Learning how to keep a nature journal of your observations can help deepen your connection to art, science, and place. This course aims to introduce ecology and evolution at several spatial scales, including populations, communities, and landscapes. Participants will learn to practice art with a scientific eye. They will learn to draw from references based on the scientific method and develop techniques to sketch organisms, species interactions, and landscapes, using graphite and colored pencil. Join local artist, Taylor Scamehorn and KBS scientists to explore the interactions of art and science, build scientific knowledge and awareness through journaling, and build intentional observation as scientists, artists, and naturalists.
From the artist:
“Art and Science overlap continually. Both are sparked by curiosity, both are interested in proving observed phenomena, both champion accuracy, and to achieve that, require you to explore different ways of looking at something to discover more about it.

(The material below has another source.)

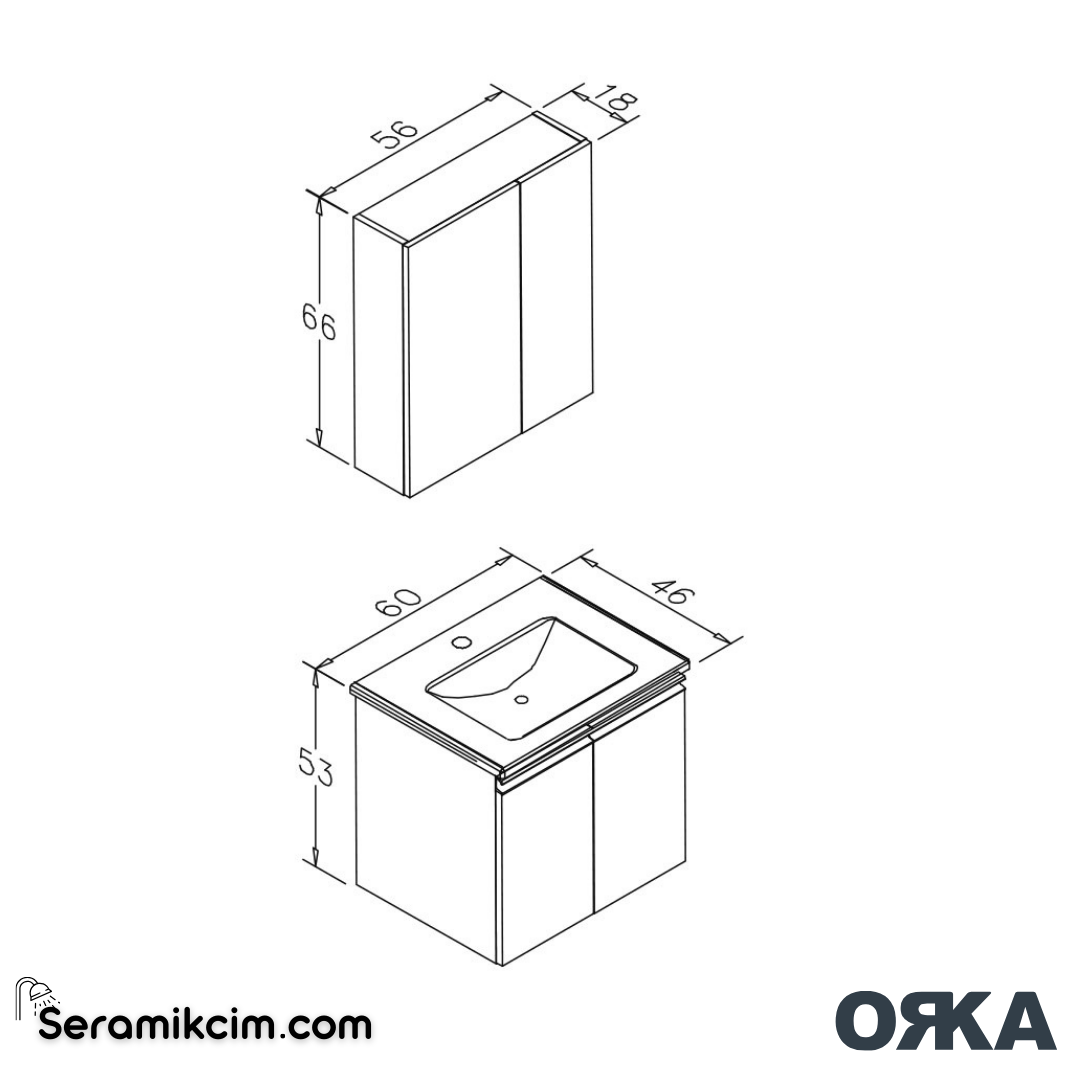 Orka Terme 60cm Banyo Dolabı Set Kapaklı Parlak Kaşmir - ORK240.60.03.TKM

Through my scientific method of drawing, you will learn how to trust your eyes, practice precision, and engage your curiosity using the following principles to hone your observational skills:
Honing your observational skills
- Identifying variables and limitations, and creating a controlled working environment
- Developing hypotheses, and learning how to make informed guesses in your drawing
- Refuting and proving your hypotheses both through the comparison of constants and using simple math
- Thinking about subjects within space, and in relationship to their environment, as well as how that relates to ecology
- Thinking like an artist, a naturalist, and a scientist
- Understanding biodiversity at the population, community and landscape, scales
- Identifying patterns and interactions in nature
- Learning art techniques using graphite and colored pencils
- Making scientific and artistic observations about nature at different scales
- Letting your curiosity and exploration of nature navigate subject choice and composition, so that your work is both visually interesting and educational
About the course, from past participants
“I have never journaled or drawn, so this is exciting! I am going out today to start observing and drawing. Awesome class!”
“This class helped break the ice to try something I was intimidated to do.”
“I want to continue my exploration of this beautiful world, share with kiddos that I am close with to extend the love of nature and art to future generations”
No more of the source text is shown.